Until now, performing keyhole heart valve replacement surgery was a bit like trying to cook the perfect steak, says the Australian doctor who has revolutionised the procedure.
The delicate operation relied heavily upon experience and instinct, as surgeons had to find the "sweet spot" when inflating the valve to make sure they had the correct level of pressure.
If they under-deployed by a few mLs, they ran the risk of the valve leaking but if they used too much pressure it could rupture the aorta and the patient would most likely die on the table.
The methodology was insufficiently reliable to say the least.
"An analogy for this would be like cooking steak at home," said Professor Martin Ng - the Aussie doctor whose team has come up with a solution to the problem.
"One might decide to put the steak on the pan for longer or shorter based on an instinct about how long it would take to cook.
"Sometimes you get a great result but other times your steak might be under- or over-cooked. This leads to variation in patient outcomes."
Prior to this pressure-regulated valve deployment technique being developed, studies showed more than half of patients undergoing the surgery had a leak that was at least mild in severity, Ng says.
One in every 150 to 200 patients suffered catastrophic rupture of the aorta on the operating table.
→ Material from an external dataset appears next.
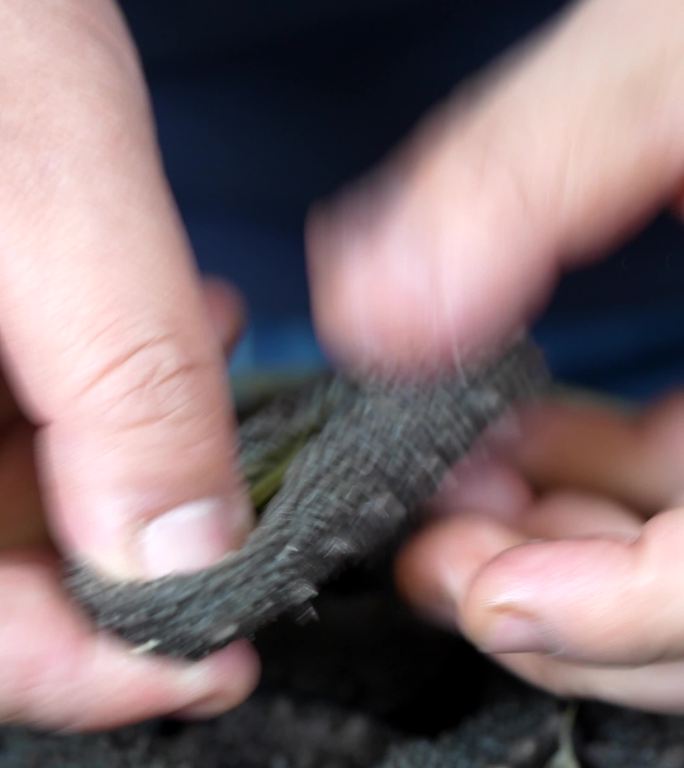 竖版传统非遗工艺淡干野生海参泡发过程素材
"There was a lack of precision to this process," Ng said.
"The parameters for under- or over-filling are somewhat subjective, so there is variation case-by-case and hospital-by-hospital in terms of valve deployment practice."
Ng and his colleagues at MQ Health, the medical research arm of Macquarie University, discovered there is a science to the "sweet spot".
The point of pressure required to expand the valve has to be enough that it is in contact with the aorta walls and doesn't leak but not so much that it ruptures with likely catastrophic consequences.
It's all in the wall tension, Ng says.
"Once we knew the optimal wall tension for deployment, we were able to provide a recommendation for the optimal pressure for each size of valve one wishes to deploy," he explained.
"By controlling the optimal pressure for deployment, we provide a new level of precision for this important procedure."
Since developing the new method, the rate of even a mild leak is down to one in eight and there have been no cases of aortic rupture in 330 consecutive surgeries.
"Our technique simplifies transcatheter (keyhole) aortic valve replacement by making the procedure more reproducible, effective and safer," Ng said.
Patients whose whose valve size requirement is on the border of two sizes stand to particularly benefit, Ng says. They constitute nearly half all patients.
"When one's aorta is on the border zone, the doctor is faced with a dilemma," Ng said.
"Our technique makes deployment of valves at the border zone very simple and with excellent results."